§ Task to complete:
Starting at the line below that contains "Košulje za djevojke" and ending at the line that contains "SLFLULU FRILL - Strickjacke", retype each line exactly as it stands, but omit the pictures.

§ Input data:
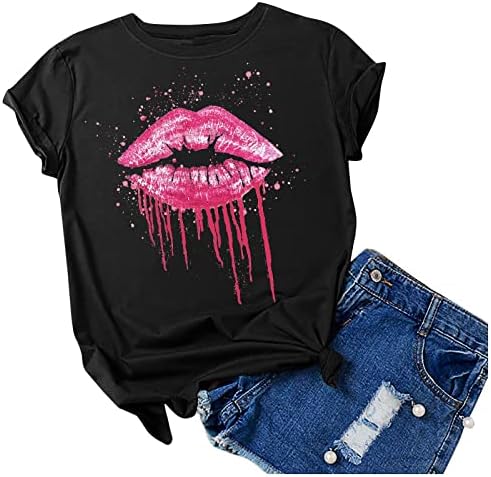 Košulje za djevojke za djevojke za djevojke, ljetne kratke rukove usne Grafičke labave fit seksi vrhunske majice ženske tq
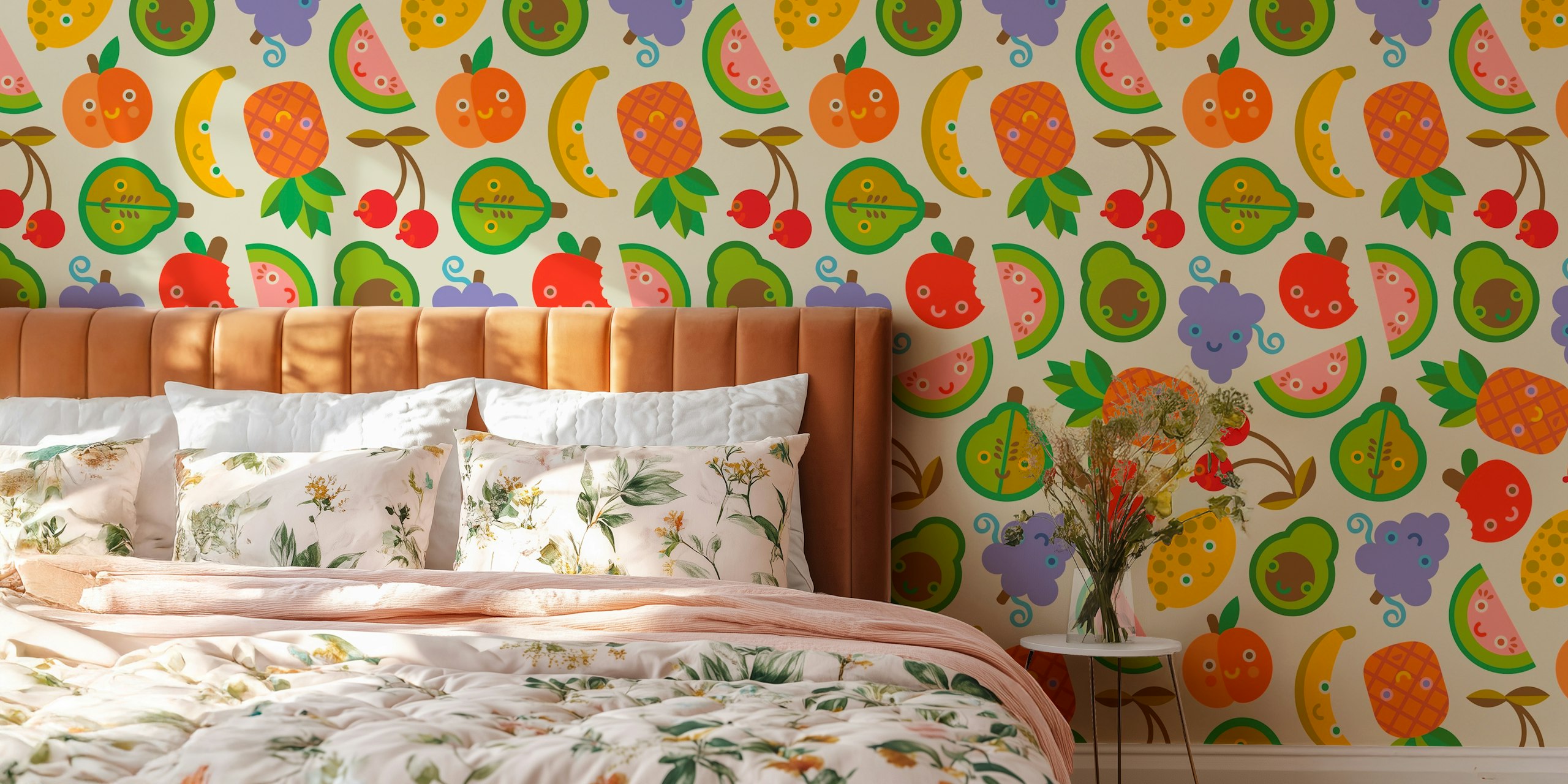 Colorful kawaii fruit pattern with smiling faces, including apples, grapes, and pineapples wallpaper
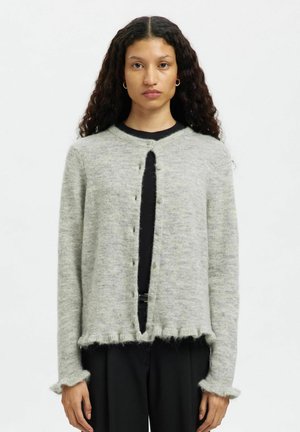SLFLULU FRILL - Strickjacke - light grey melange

* * *

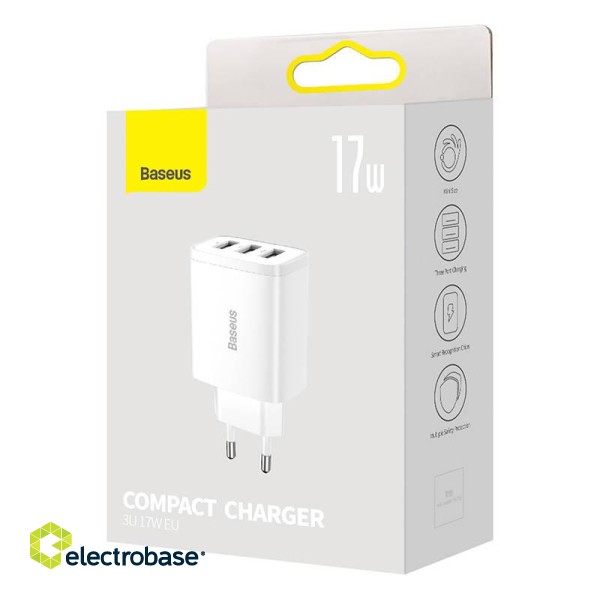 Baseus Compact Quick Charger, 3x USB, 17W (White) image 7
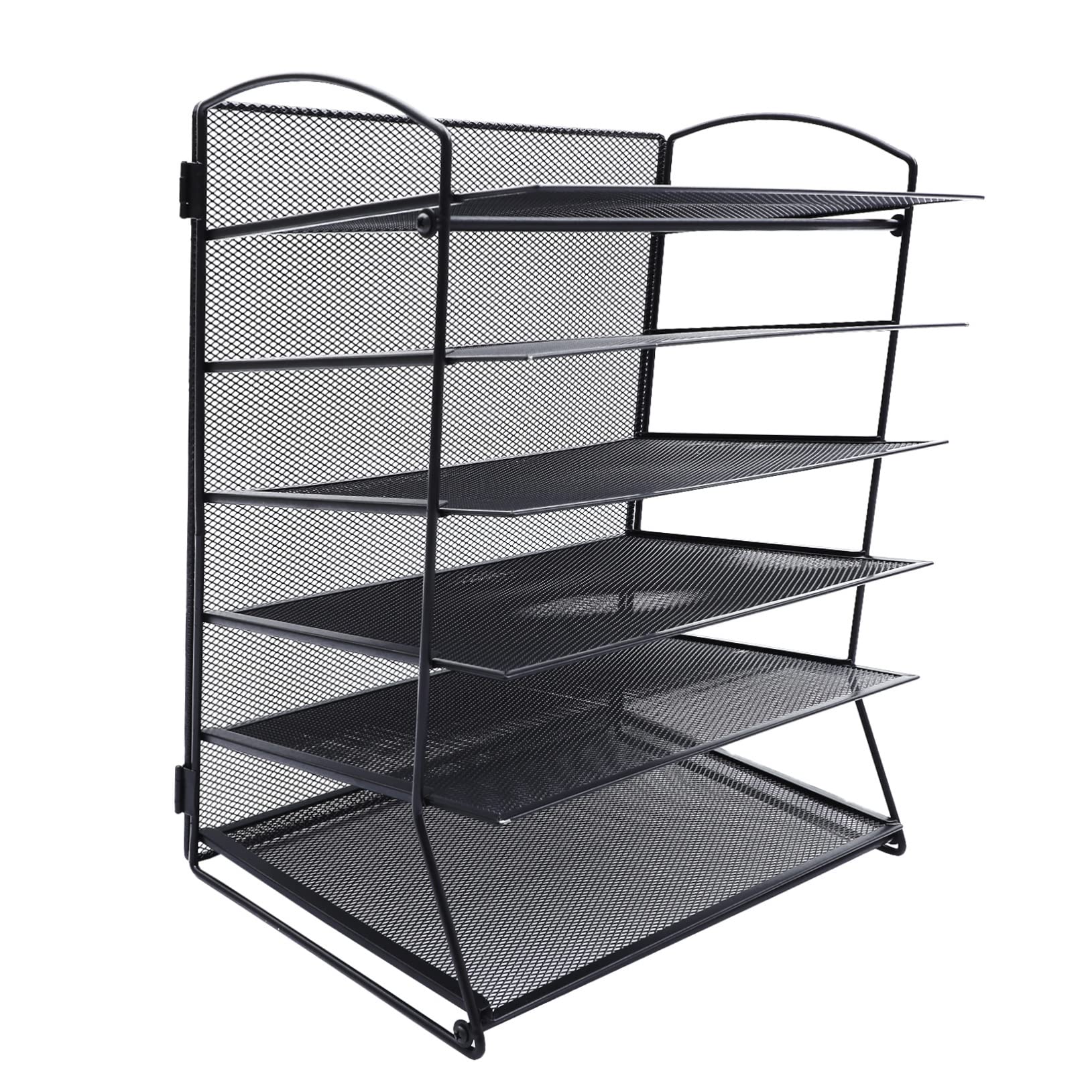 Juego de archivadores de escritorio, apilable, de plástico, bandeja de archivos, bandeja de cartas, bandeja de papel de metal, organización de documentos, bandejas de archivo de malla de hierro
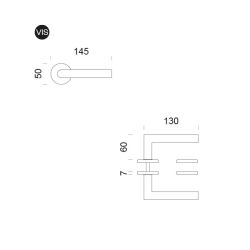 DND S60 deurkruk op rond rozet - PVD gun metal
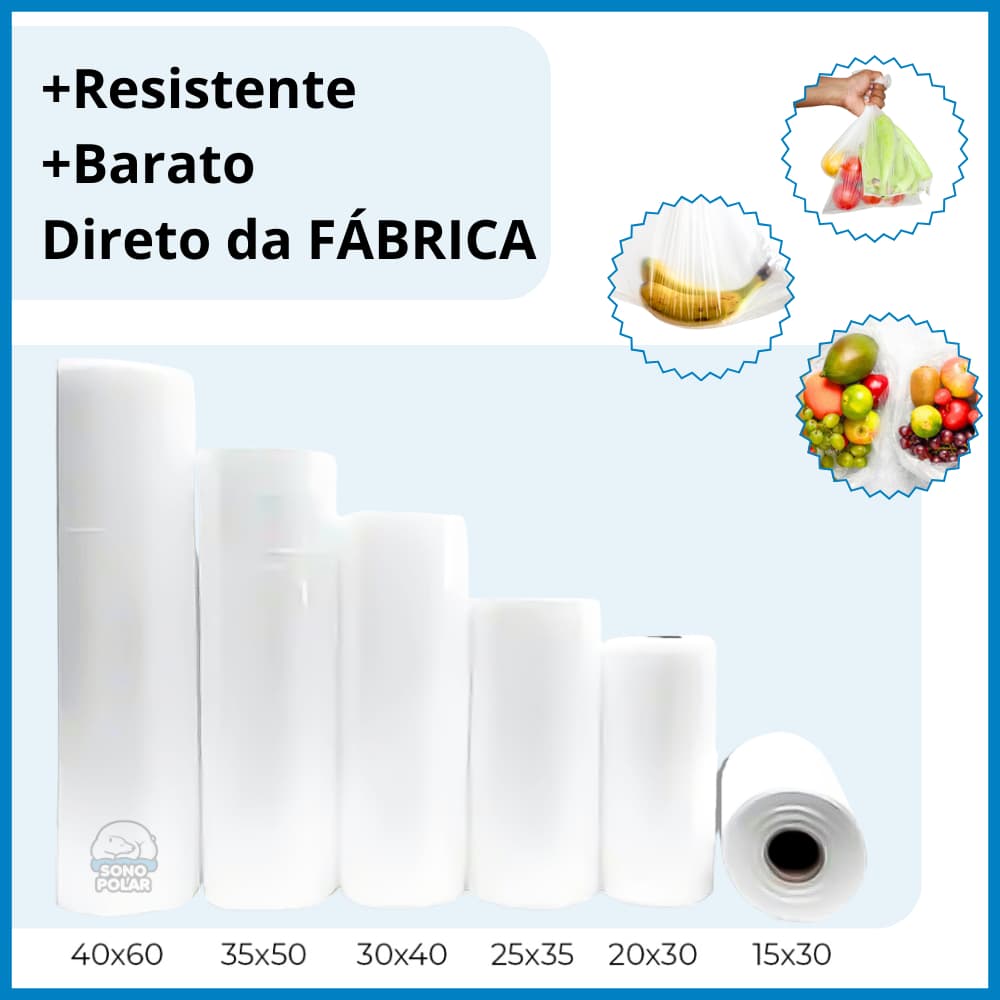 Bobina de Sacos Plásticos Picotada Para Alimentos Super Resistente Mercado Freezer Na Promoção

§ Solution for this task:
 Košulje za djevojke za djevojke za djevojke, ljetne kratke rukove usne Grafičke labave fit seksi vrhunske majice ženske tq
 Colorful kawaii fruit pattern with smiling faces, including apples, grapes, and pineapples wallpaper
SLFLULU FRILL - Strickjacke - light grey melange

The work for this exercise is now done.